_Exercise description_:
Word for word, transcribe every line from the one holding "Brown capsules close-up." through the end of the records, but not the pictures.

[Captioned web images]
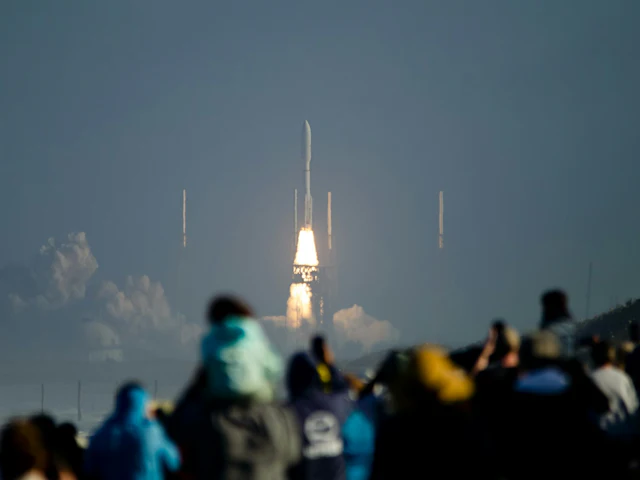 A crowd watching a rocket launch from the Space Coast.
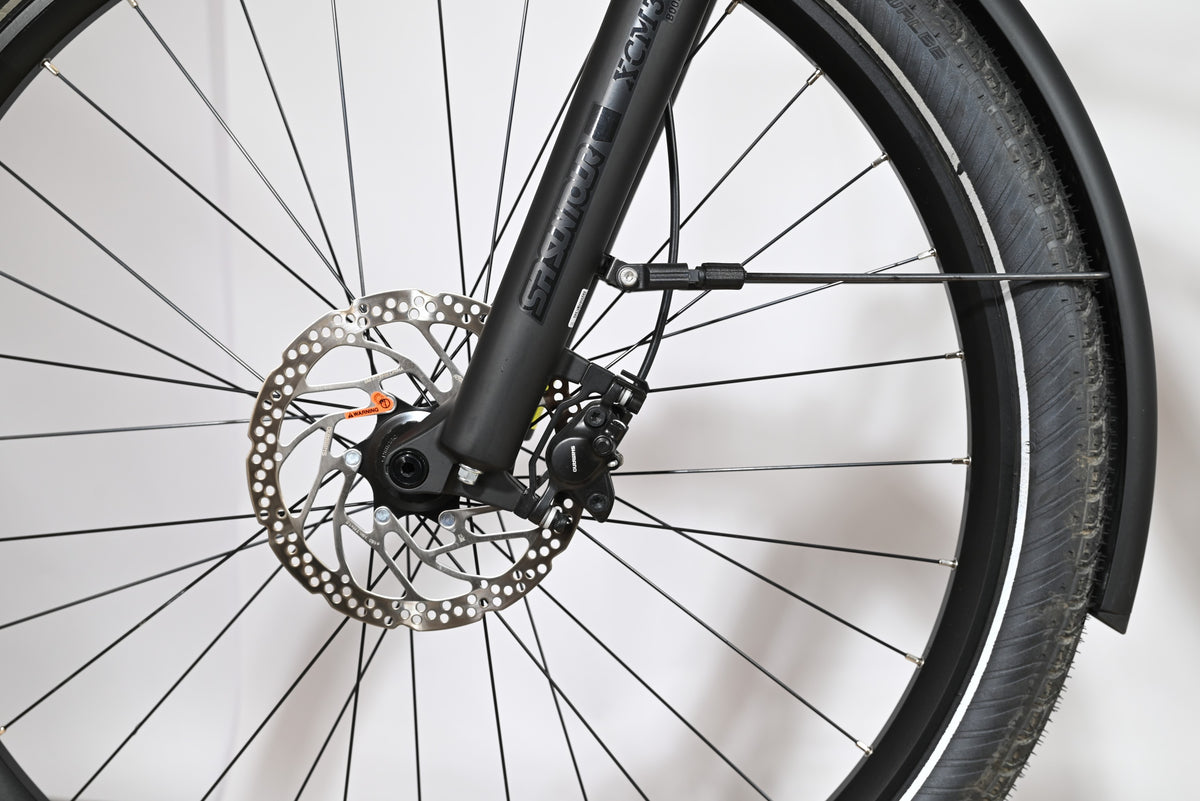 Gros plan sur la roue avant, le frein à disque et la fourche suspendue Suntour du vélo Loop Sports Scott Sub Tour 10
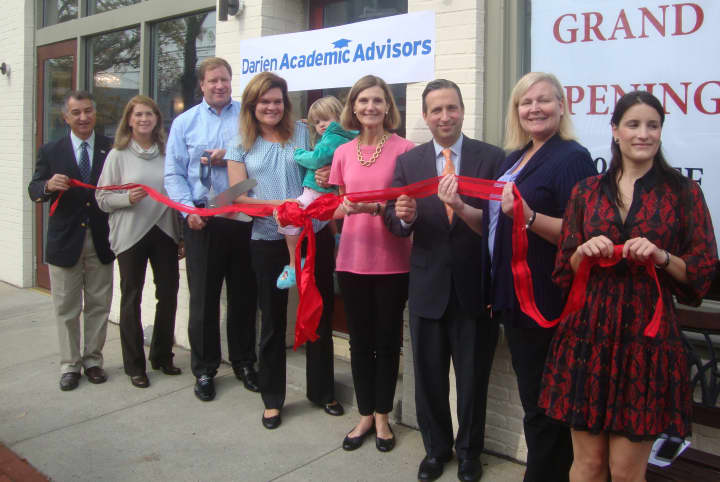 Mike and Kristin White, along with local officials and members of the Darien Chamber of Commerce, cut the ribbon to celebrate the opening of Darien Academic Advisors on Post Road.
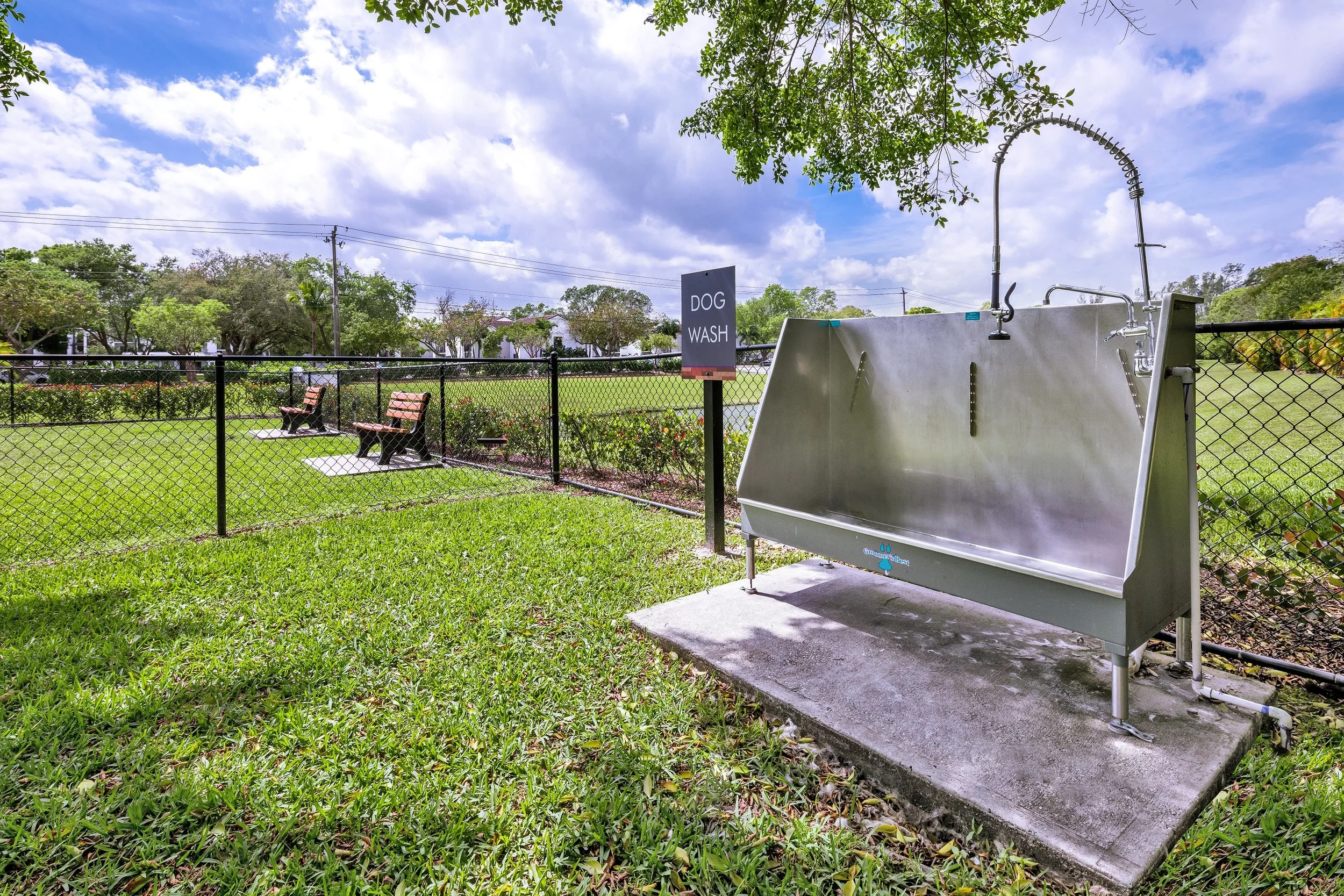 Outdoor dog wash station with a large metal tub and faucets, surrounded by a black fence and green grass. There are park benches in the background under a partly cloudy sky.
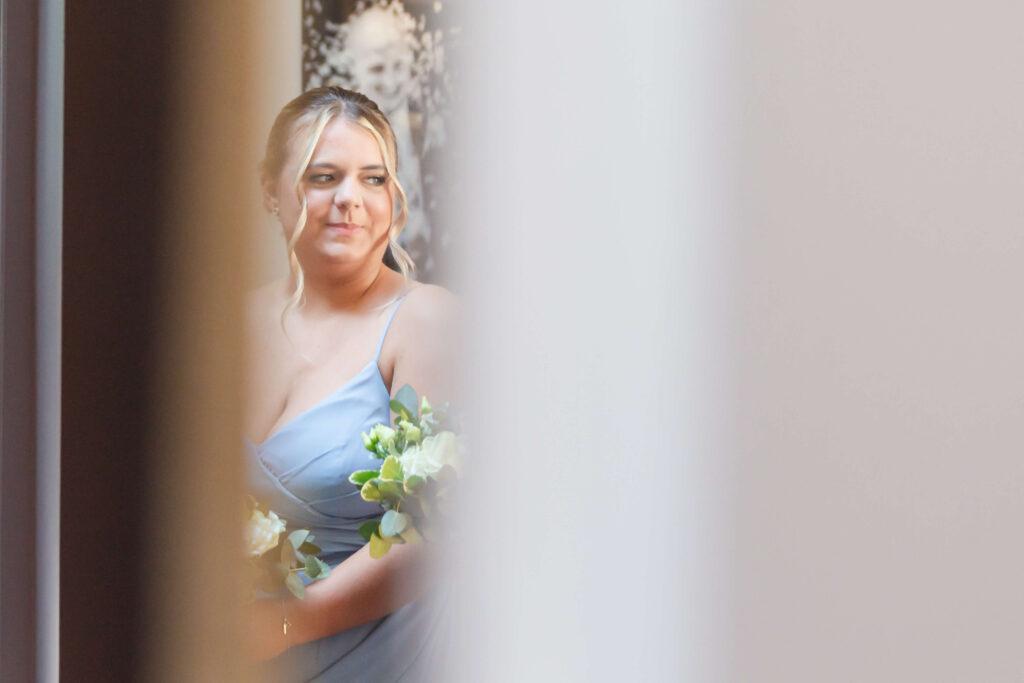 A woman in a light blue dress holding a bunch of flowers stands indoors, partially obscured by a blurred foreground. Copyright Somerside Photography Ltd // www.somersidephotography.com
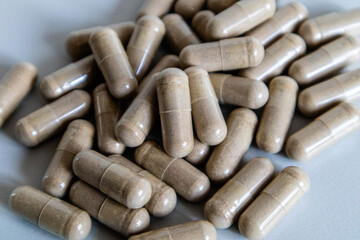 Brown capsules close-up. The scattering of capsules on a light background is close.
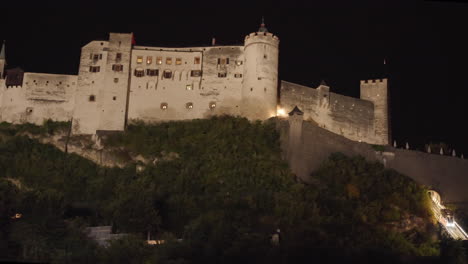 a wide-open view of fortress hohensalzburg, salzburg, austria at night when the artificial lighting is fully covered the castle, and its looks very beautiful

_Task output_:
 Brown capsules close-up. The scattering of capsules on a light background is close.
 a wide-open view of fortress hohensalzburg, salzburg, austria at night when the artificial lighting is fully covered the castle, and its looks very beautiful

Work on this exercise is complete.